The mobilization’s program includes FEPC, abolition of the poll tax, anti-lynch legislation, prohibition of segregation in transportation facilities, home rule for the District of Columbia, establishment of a permanent commission on civil rights, statehood for Hawaii and Alaska, elimination of racial barriers to naturalization, settlement of Japanese-American evacuation claims, and strengthening of existing civil-rights laws.
 

CP Excluded

Mobilization officials realize that there will be serious difficulty in obtaining housing for Negro delegates in Washington’s lilly-white hotels. They plan to exert pressure to obtain suitable hotel accommodations for all, but it is quite likely that many delegates will have to stay in the homes of Negroes and unprejudiced whites in the city.

One problem which confronts the leaders of the mobilization is the effort of the Stalinists to get in on the doings. The Stalinist-controlled Civil Rights Congress has offered full support and cooperation to the mobilization, but has been informed in curt language that its support is not desired and will not be accepted. In fact, a letter will be sent out to all participating organizations setting forth in exact detail the measures to be taken to exclude the Stalinists.

As is increasingly the case in all organizations in America today, the liberals heading the mobilization show every intention of trying to keep themselves clean of the Stalinist taint mainly through bureaucratic measures.

It is true that the Stalinists are noted for their own completely unscrupulous organizational behavior. Yet the fact remains that to proceed against them by means similar to those used by the Stalinists themselves usually leads the organization involved to gut its internal democracy and to impair the purposes which it is organized to serve. This is illustrated in a small way by the fact that the letter by Acting NAACP Secretary Roy Wilkins to the CRC, rejecting any help from Stalinists, refers to them broadly as “organizations of the extreme left.” This they are not; and the use of the term tends to ascribe the Stalinist taint to those genuine socialists who are real left-wingers.

The national emergency civil rights mobilization can perform an extremely useful function at this time. It is quite likely that Congress will in fact take up the civil-rights measures of the Fair Deal administration. All persons interested in abolishing the blight of national and racial discrimination in America are aware of the fact that the resistance of the legislators from the South could be overcome if there were a real desire on the part of Congressmen and senators from the rest of the country to push civil-rights legislation through both houses.

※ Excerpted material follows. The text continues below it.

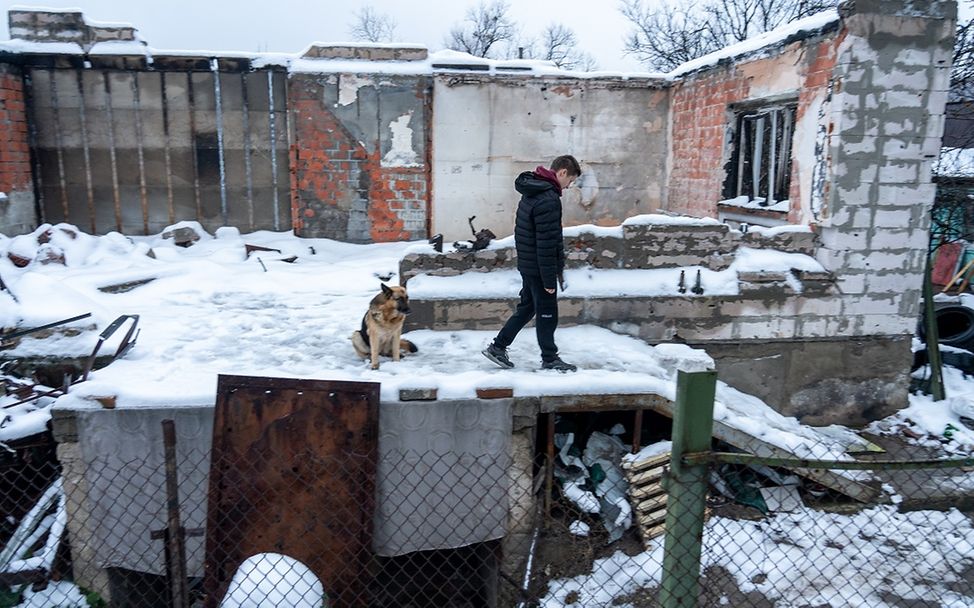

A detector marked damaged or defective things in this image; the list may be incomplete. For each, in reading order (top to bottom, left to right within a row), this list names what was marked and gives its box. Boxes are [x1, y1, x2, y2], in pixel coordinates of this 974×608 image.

Yet the fact remains that although both major parties are pledged in one way or another to pass FEPC and other civil-rights legislation, when push comes to shove nothing has ever been accomplished.

It must be born in mind that the legislators in Washington know that th« organizations sending delegates have been and are committed to continued support of the two major parties, regardless of what they do or do not do with respect to civil-rights legislation. They know that even though delegations may come and pound on their tables, the organizations they represent have not and do not threaten the formation of a new political party which would make civil rights one of the foundation stones of its whole program. They are quite accustomed to making promises at election time or to delegations of lobbyists which are later broken and explained away on grounds of “political expediency.” A mobilization for such a new party of labor could effectively hold an ax over the politicians’ heads to secure the rights of the Negro people.